Preparation of LOCB Powder

All the chemicals were purchased from Aladdin without additional statement. The LOCB SSE was prepared as referred to in the previous report (Zhao and Daemen, 2012; Hood et al., 2016). Briefly speaking, LOCB was synthesized by solid-state reaction of the mixture of LiCl (99.9%), LiBr (99.99%), and LiOH (99.9%). The molar ratio of LiCl, LiBr, and LiOH is 1:1:2.4. The mixture was carefully ground by hand for 0.5 h. Then it was pelletized and put into a Ni crucible. They were placed into a furnace positioned inside an Ar filled glovebox and heated at 500°C for 10 h. Next, the product was cooled with the furnace to room temperature (RT). The product was hand-milled at first and then ball-milled with the addition of dibromomethane (DBM) at 400 rpm/min for 5 h.

Preparation of LOCB/NBR CPE Film

NBR (M.W, ∼3800, acrylonitrile 37–39 weight ratio, wt.%, Sigma Aldrich) was dried under vacuum at 80°C for 12 h and then stored in the glove box. In a typical preparation, 0.5 g of NBR bulks was added into 9.5 g of DBM. Then the mixture was stirred at 1000 rpm and 60°C for overnight. Finally, a viscous NBR gel was obtained. Equal weight of LOCB and LiTFSI [3M in triethylene glycol dimethyl ether (TEGDME, 99%)] was added into the NBR gel and stirred at 2000 rpm for 10 min by planetary centrifugal paste mixer (Thinky SR-500). The wt.% of LOCB in all solid components is tuned from 0 to 80% with an interval of 20%. DBM can be added to tune the viscosity of the slurry to facilitate the coating. The slurry was coated on silicone paper by the doctor-blade method and dried at 60°C for 6 h. Except for the mixing procedure on the planetary centrifugal paste mixer, all the procedures were conducted in the Ar filled glove box (<0.1 ppm O₂, <0.1 ppm H₂O). The chemical stabilities of different organic solvents including ethanol (99%), N-methyl pyrrolidone (NMP, 99%), DBM (99%), acetonitrile (AN, 99%), and tetrahydrofuran (THF, 99%) with LOCB were also investigated.

Materials Characterization

Surface/cross-sectional morphologies of the samples were measured on a scanning electron microscope (SEM, FEI Nova NanoSEM 50).

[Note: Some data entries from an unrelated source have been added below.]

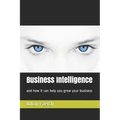 Business Intelligence: And How It Can Help You Grow Your Business
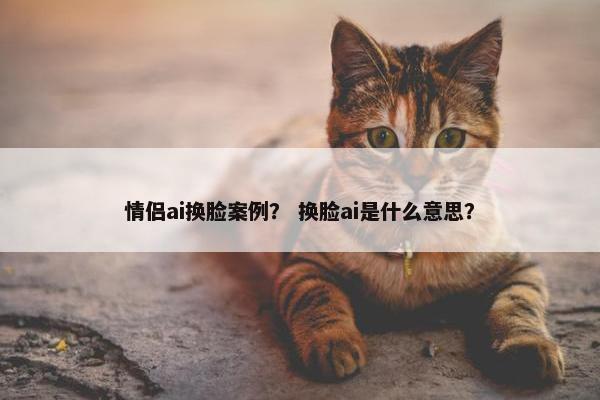 情侣ai换脸案例？ 换脸ai是什么意思？
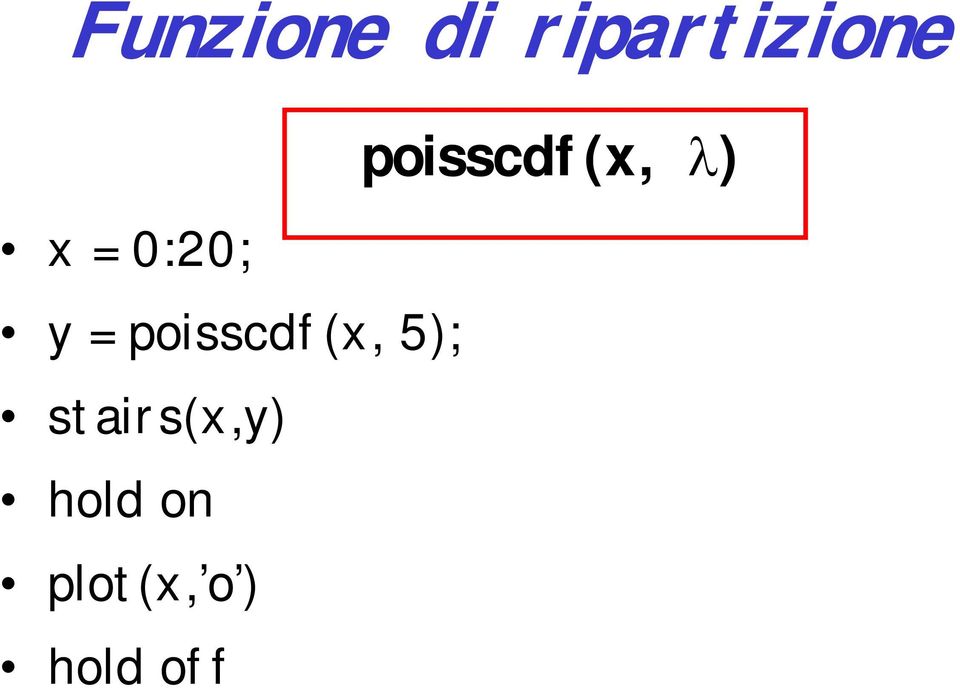 stairs(x,y) hold on plot(x,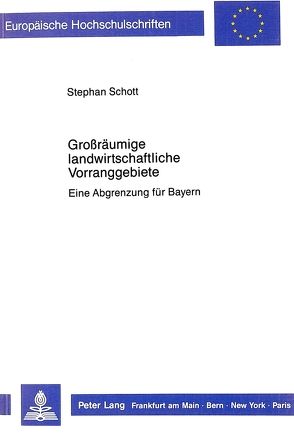 Großräumige landwirtschaftliche Vorranggebiete von Schott,  Stephan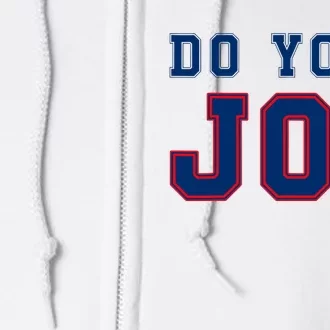 (Do Your Job) Funny Full Zip Hoodie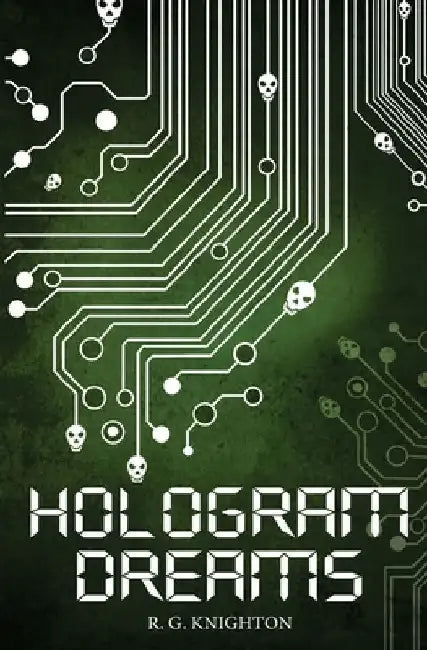 Hologram Dreams by R. G. Knighton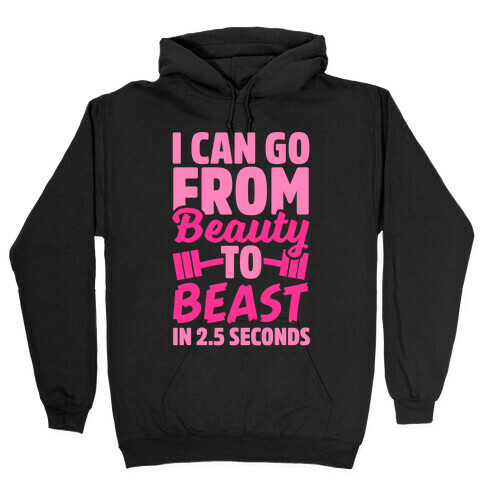 I Can Go From Beauty To Beast in 2.5 Seconds Hooded Sweatshirt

X-Ray Diffraction (XRD) patterns were recorded on a Smartlab X-ray diffractometer (Cu K_α, λ = 1.5406 Å, Rigaku, Japan). The samples were placed onto the silicon sample holder and sealed by polyimide film. Thermogravimetric (TG) curves were measured on a TG analyzer (NETZSCH, STA449F3 Jupiter). Compositions of the samples were investigated by FTIR spectroscopy (Perkin Elmer).

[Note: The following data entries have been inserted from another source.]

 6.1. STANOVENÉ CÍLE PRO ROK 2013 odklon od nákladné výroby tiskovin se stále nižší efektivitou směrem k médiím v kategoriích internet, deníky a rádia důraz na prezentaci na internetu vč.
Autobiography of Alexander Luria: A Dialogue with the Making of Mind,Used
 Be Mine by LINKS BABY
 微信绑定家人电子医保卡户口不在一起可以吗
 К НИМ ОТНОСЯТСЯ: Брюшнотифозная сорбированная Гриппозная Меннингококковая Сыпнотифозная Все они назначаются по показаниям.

Preparation of the SSLiB With Sheet-Type Electrode

Wet slurry consisted of LiFePO₄ (LFP, 78 wt%), super P (5 wt%), carbon nanotube (3–5 μm in length, 5 wt%), NBR (10 wt%), lithium bis(trifluoromethane)sulfon imide (LiTFSI, 2 wt%), and DBM was coated on Al foil and dried at 60°C for 6 h. The LFP electrode (areal capacity: 0.9 mAh cm⁻²) and the Li foil were placed on each side of the CPE film. The coin-type SSLiBs were sealed at 50 MPa at RT. For the pouch cell assembling, Ni and Al conductors were welded with Cu and Al foils, respectively, by ultrasonic spot welder. Cu foil was attached to the surface of Li foil at the other side. The sealing procedure was carried out on a vacuum sealing machine. Except for the slurry mixing procedure on the planetary centrifugal paste mixer, all the procedures were conducted in the Ar filled glove box (<0.1 ppm O₂, <0.1 ppm H₂O).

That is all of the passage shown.